There was a pizza parlor a few blocks away from the club where the party would be held. Pipsqueak had told them that it wouldn’t begin until later, then led them to the restaurant to wait. He and Diamond Tiara sat together, of course, while Sweetie Belle sunk into the plush bench on the other side of the wooden table from them.

A waiter in a funny hat plopped a steaming hot plate of pizza in front of them. Sweetie Belle grabbed a particularly cheesy piece and let it flop onto her plate. They sat next to a large plate glass window that afforded them an excellent look at Canterlot as the sun began to dip down.

The city had grown since she had visited a few years back. Construction crews were raising new buildings all over the city, most of them far less ornate than the stone and marble buildings that decorated the area around the castle. Lights twinkled on as the sky turned various shades of magenta and violet.

She picked up the slice of pizza and took a big bite, smacking the cheese and bread in her mouth while Diamond Tiara watched, mortified. She didn’t notice and just kept staring out the window toward the club. It was called the RockIt, according to Pipsqueak, and was supposed to be some big musical venue in Canterlot. It also made a natural place for music students to go hang out.

“How come you eat with your hooves?” Pipsqueak asked her.

Sweetie Belle’s turned and eyed him. “Huh?”

“You eat your pizza with your hooves.” He pointed to her horn. “You have one of those, you know.”

“Oh, that.” Sweetie Belle sighed and rubbed the base of her horn. “I can use it for music things, but trying to use spells that I’m no good at makes my head hurt, especially lately. Twilight and Rarity can do them just fine . . . but not me.”

“So you can, like, make a shield and do all the music stuff but you can’t levitate a piece of pizza?” Diamond Tiara asked.

“Well, I mean, yeah . . .”

The pink filly sank back in her seat. “Wow.”

Sweetie Belle looked away while a silent moment passed between the trio. She ran a hoof through her matted pink and purple curls that had started to get far longer than she had ever kept them.

Pipsqueak coughed after a moment. “So I take it you two don’t come to Canterlot often?”

Diamond Tiara shook her head. “No, not really. My daddy likes to stay around Ponyville or Manehattan, and our family is from far away.”

“Same here,” Sweetie Belle muttered.

“Isn’t your sister dating a prince?” Pipsqueak asked.

Sweetie Belle sighed and recited, “My sister and Prince Blueblood met at the last Grand Galloping Gala and decided that if they were going to be together, it would be in Ponyville and not in Canterlot so Blueblood could prove that he’s not just royalty.”

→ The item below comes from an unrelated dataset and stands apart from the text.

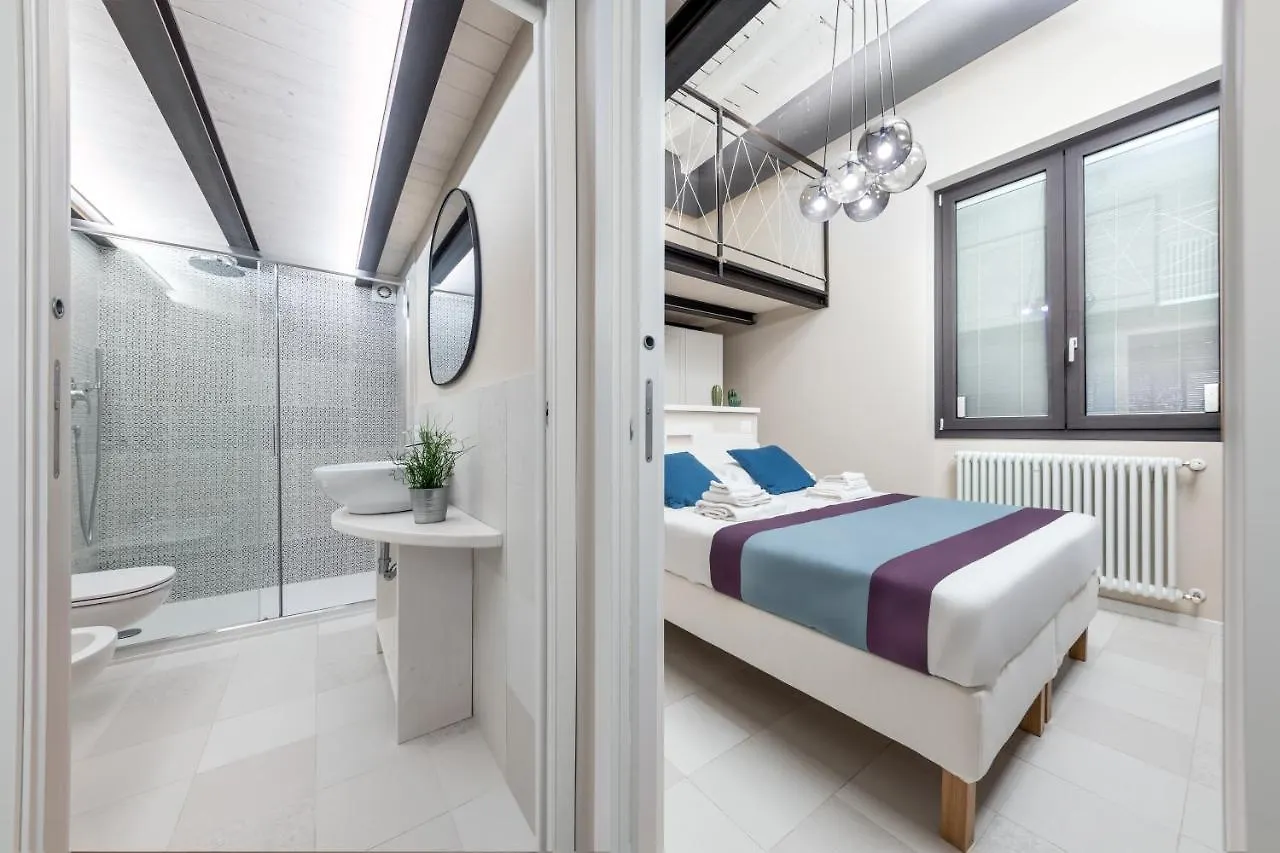 Casa Da Suite Yalta Milan Apartment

“So she’s got him on a leash,” Diamond Tiara said.

“More or less. It’s not like I want him around all the time.”

Pipsqueak laughed. “I imagine. He’s got a reputation for being a jerk around here.”

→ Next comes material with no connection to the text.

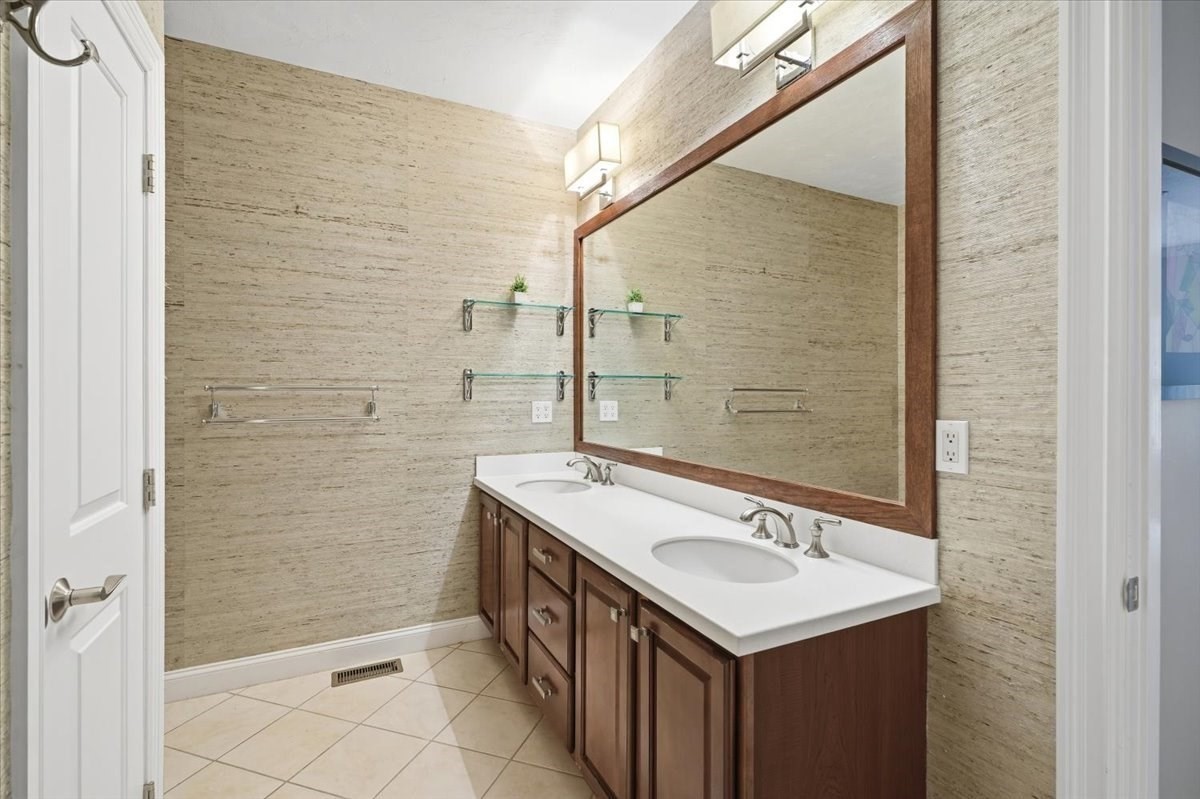 239 Washington St # 9 Property Photo 14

“No, no, not like that.” Sweetie Belle tapped a hoof against her chin. “He’s more, well, he tries almost too hard to be better, you know?” She shuddered and looked back at the short, scrappy hair that made up her tail. “I only asked him to help comb my tail . . .”

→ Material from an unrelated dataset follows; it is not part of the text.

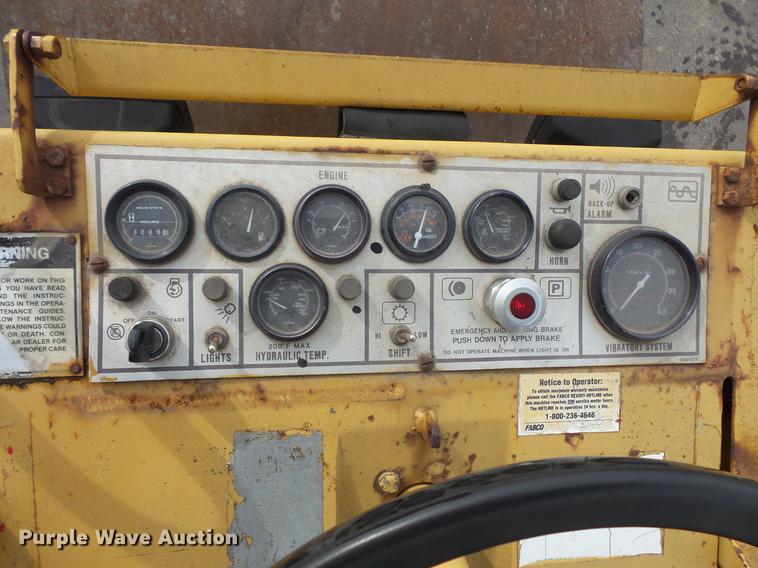 image for item DW9534 1992 Caterpillar CS-433B single vibratory drum roller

Diamond Tiara laughed, looked around and saw nopony else had joined her, and shut her mouth. “So, Pipsqueak, you live around here now?” she asked. “Do you know any good places to go before we head to that party?”

Pipsqueak grinned and took a big bite of pizza. “What, you don’t like this place?”

“No, I mean, I do, but well . . .”

“We just want to stretch our legs, you know,” Sweetie Belle finished.

“Yeah, what she said.”

Pipsqueak scrunched up his lips. “Well, I guess I know somewhere that we could go. I haven’t been there in a while. Still interested?”

Diamond Tiara was up in a flash. “Sounds great!”

Pipsqueak followed while Sweetie Belle trailed after them, taking the time to approach their waiter. “Just put it on Prince Blueblood’s account,” she said, producing a card from her keytar case. The waiter took one look at it and his eyes widened. He bowed a little to her and took their plates back up without a word.

Sweetie Belle smiled to herself. He was annoying, but being close to royalty certainly had its perks.


Pipsqueak’s spot, as it had turned out, was at the top of a very large hill. Sweetie Belle’s breath came in gasps when she reached the top. Diamond Tiara were already standing at the concrete landing that topped the flight of stairs and looked out over the clearing.

It was a small park, festooned by a ring of trees and bushes. There were some wooden benches spread around a swing set and sandbox as well as other various children’s play places. The moon provided illumination to the space, for the streetlamps didn’t make it that far.

“So your special spot is a park?” Diamond Tiara asked. “Did it really have to be at the top of a hill? I mean really.”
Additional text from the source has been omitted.